Now that would be an interesting topic for Brisbane — should the NY Times fact-check its opinion pieces? Right now, like most other newspapers, it publishes the most absurd, error riddled nonsense that would hardly withstand even a few minutes of fact-checking online — see, for instance, “Small IS Beautiful”! Robert Bryce Pushes Nuclear Power by Quoting Famous Author Who Called It “an Ethical, Spiritual, and Metaphysical Monstrosity”
Brisbane tries to explain his original column as poor word choice in his weak follow-up, “Update to my Previous Post on Truth Vigilantes“:
I must lament that “truth vigilante” generated way more heat than light. A large majority of respondents weighed in with, yes, you moron, The Times should check facts and print the truth.
That was not the question I was trying to ask. My inquiry related to whether The Times, in the text of news columns, should more aggressively rebut “facts” that are offered by newsmakers when those “facts” are in question. I consider this a difficult question, not an obvious one.
I don’t consider this a difficult question at all. First off, if the NYT actually thinks that a newsmaker has made a false or misleading statement, then it has two easy options: debunk it or not print it in the first place!

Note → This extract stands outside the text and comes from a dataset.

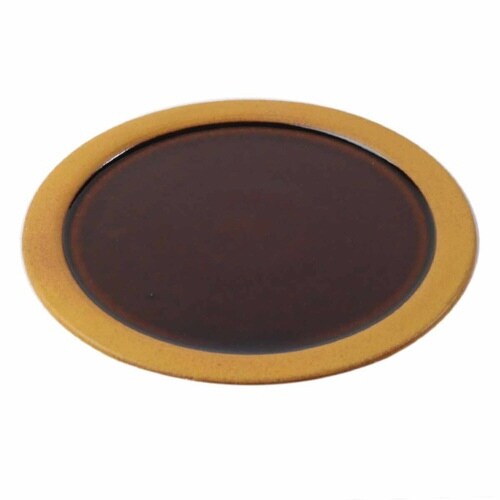 プレート 22cm ディープブレス キャラメル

This second point is apparently something that never dawns on Brisbane at all. Let me come back to it shortly.
First, Brisbane writes:
The second example I used in the blog post was Mitt Romney’s quote about the president “apologizing” for America. This one isn’t a slamdunk, either. It certainly isn’t being systematically rebutted in the paper’s news coveragenow.Maybe this is one that should be. My point is: the question is worth a reasoned discussion.
By the way, I should add that I did receive some thoughtful responses to the blogpost from people who recognize that the issue is timely and unresolved. Here is one from Greg Sargent at The Washington Post:
Sargent does acknowledge the issue is unresolved, but he doesn’t think it’s a very tough call:
But I think there’s a simple way to drive home to Brisbane why reporters should include info enabling readers to judge such claims.
The Times itself has amplified the assertion — made by Romney and Rick Perry — that Obama has apologized for America, without any rebuttal, at least three times: Here, here, and here. I urge Brisbane to check them out. If he does, he’ll see that any Times customer reading them comes away misled. He or she is left with the mistaken impression that Obama may have, in fact, apologized for America, when he never did any such thing.
In other words, in all those three cases, the Times helped the GOP candidate mislead its own readers — with an assertion that has become absolutely central to the Republican case against Obama. Whatever the practical difficulties of changing this, surely we can all agree that this is not a role newspapers should be playing, particularly at a time when voters are choosing their next president.
Let me repeat that the Times is not under any obligation to print lies from anyone, especially from long-debunked “experts” whose profession it is to repeat long-debunked climate denier myths and generally make things up — something the Times has done repeatedly in recent years:
If the public editor for the New York Times really thinks it is an open question as to whether the paper should do basic fact-checking and not print easily checked falsehoods, then imagine what your typical reporter must think when rushing to meet a deadline or get their piece online first. No wonder journalism is in the sorry state that it is.
h/t Salon, which has a terrific piece on this, noting:
Basically everyone on the Internet is slack-jawed and stunned by this entire thing, because, man, “should we print the truth or not” is a hilarious question to just throw out to readers.